#### Extracted entries
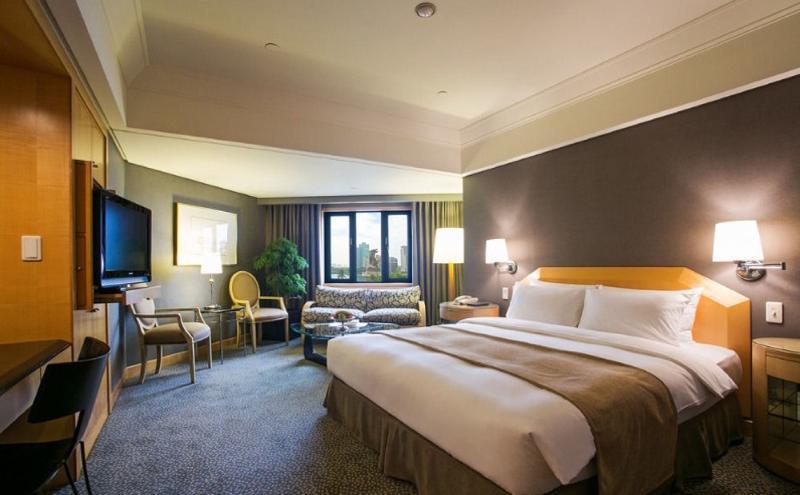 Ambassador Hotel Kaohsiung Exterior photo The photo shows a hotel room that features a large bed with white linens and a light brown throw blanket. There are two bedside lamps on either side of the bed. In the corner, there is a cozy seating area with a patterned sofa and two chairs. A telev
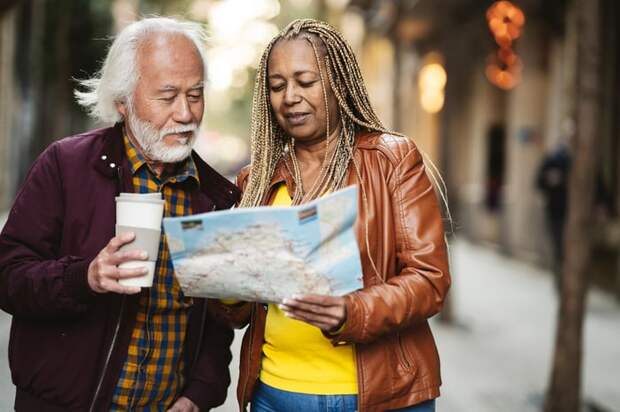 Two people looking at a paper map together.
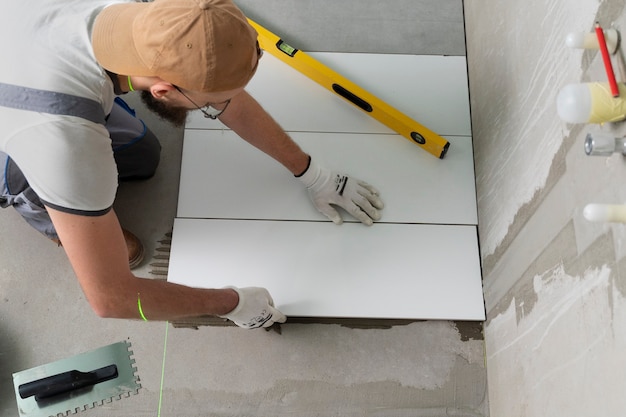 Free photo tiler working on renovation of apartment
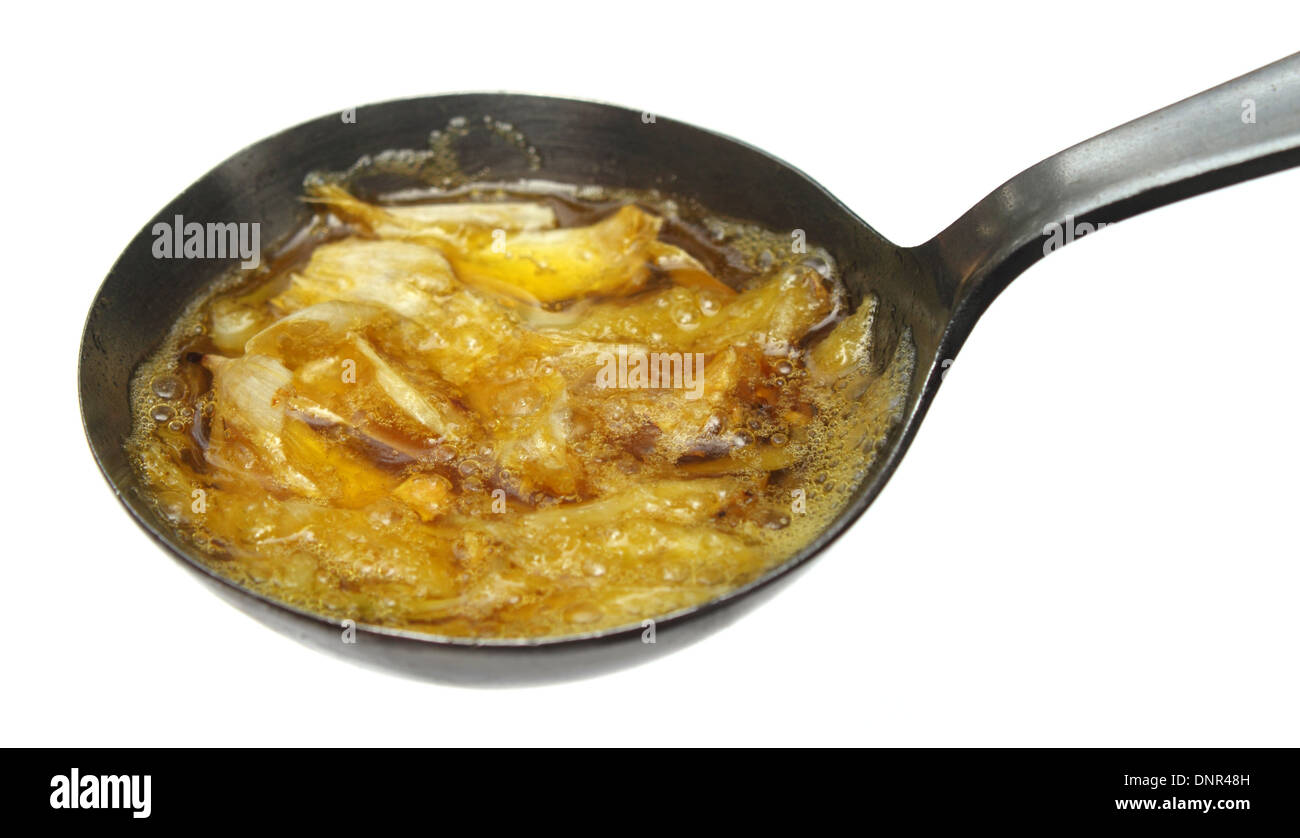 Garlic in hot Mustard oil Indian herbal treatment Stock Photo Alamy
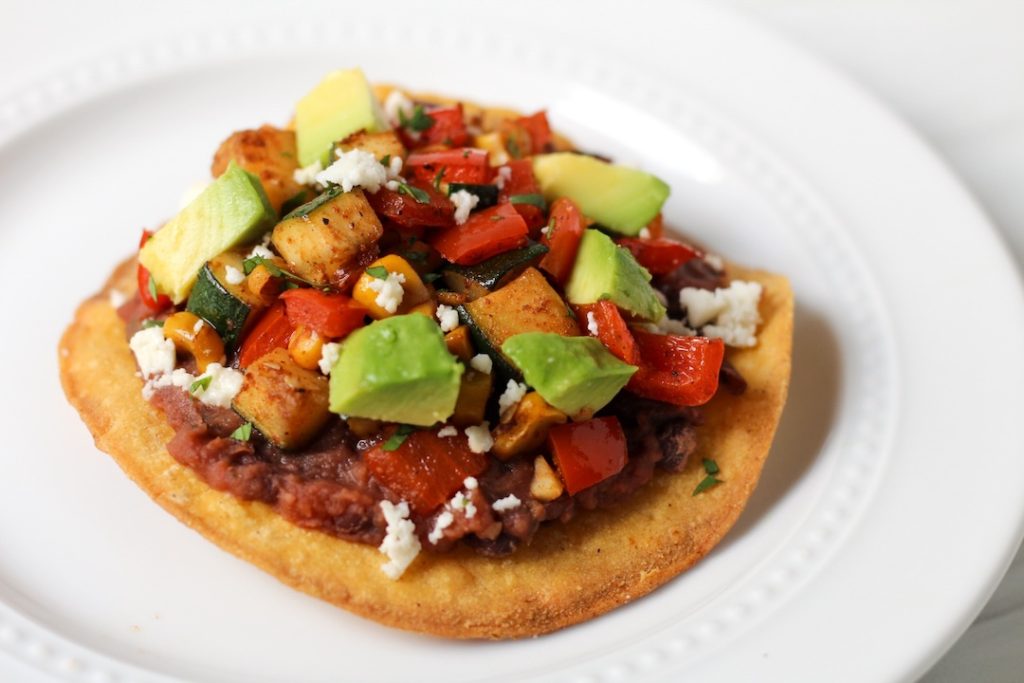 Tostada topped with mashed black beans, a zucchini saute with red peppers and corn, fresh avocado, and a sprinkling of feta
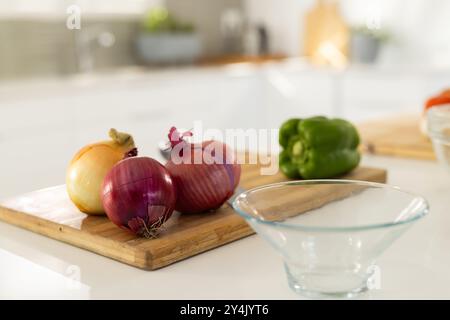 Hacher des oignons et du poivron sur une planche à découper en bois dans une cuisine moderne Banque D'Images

==

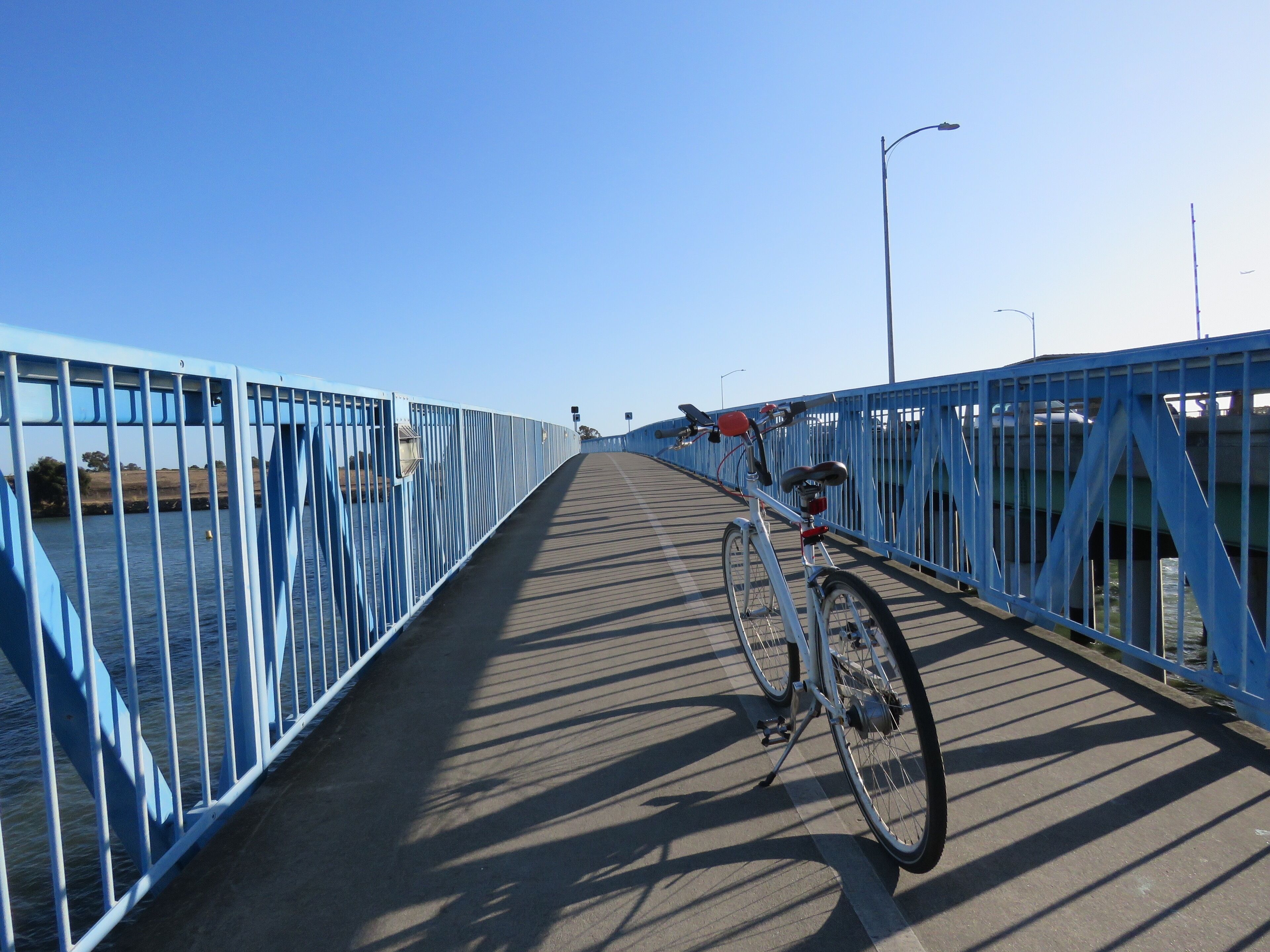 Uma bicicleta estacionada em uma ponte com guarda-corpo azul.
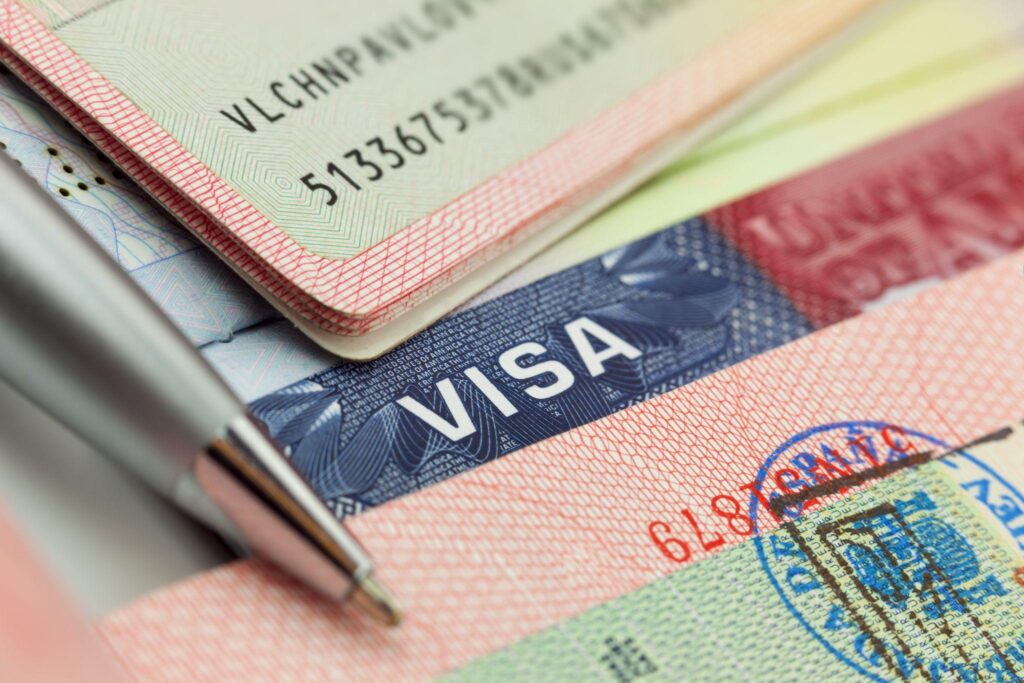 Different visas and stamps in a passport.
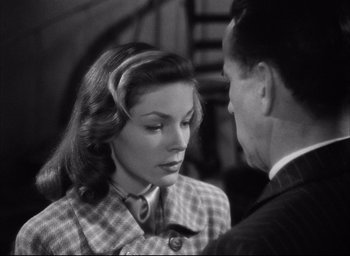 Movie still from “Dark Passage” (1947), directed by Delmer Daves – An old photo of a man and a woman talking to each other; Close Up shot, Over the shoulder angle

#### Your objective
Using the data above, print only the lines starting at the one with "Tostada topped with" and ending at the one with "Hacher des oignons", exactly as they stand, minus the pictures.

#### Answer to this exercise
 Tostada topped with mashed black beans, a zucchini saute with red peppers and corn, fresh avocado, and a sprinkling of feta
 Hacher des oignons et du poivron sur une planche à découper en bois dans une cuisine moderne Banque D'Images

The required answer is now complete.